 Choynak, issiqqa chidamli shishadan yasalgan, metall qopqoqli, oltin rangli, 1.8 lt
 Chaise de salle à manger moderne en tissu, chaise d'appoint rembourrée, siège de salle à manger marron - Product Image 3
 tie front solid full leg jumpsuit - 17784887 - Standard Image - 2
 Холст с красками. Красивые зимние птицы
---
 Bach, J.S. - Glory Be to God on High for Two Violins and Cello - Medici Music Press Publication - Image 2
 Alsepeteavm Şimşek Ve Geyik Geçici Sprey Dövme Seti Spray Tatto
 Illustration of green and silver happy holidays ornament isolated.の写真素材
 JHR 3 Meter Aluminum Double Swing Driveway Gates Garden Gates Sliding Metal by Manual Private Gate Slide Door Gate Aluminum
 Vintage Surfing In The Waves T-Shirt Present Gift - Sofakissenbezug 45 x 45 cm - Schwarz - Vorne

§ WHAT YOU HAVE TO DO: Using the records above, set down exactly the lines from the one with "Alsepeteavm Şimşek Ve" through the one with "Vintage Surfing In", inclusive, and nothing more.

§ RESULT FOR THIS EXERCISE:
 Alsepeteavm Şimşek Ve Geyik Geçici Sprey Dövme Seti Spray Tatto
 Illustration of green and silver happy holidays ornament isolated.の写真素材
 JHR 3 Meter Aluminum Double Swing Driveway Gates Garden Gates Sliding Metal by Manual Private Gate Slide Door Gate Aluminum
 Vintage Surfing In The Waves T-Shirt Present Gift - Sofakissenbezug 45 x 45 cm - Schwarz - Vorne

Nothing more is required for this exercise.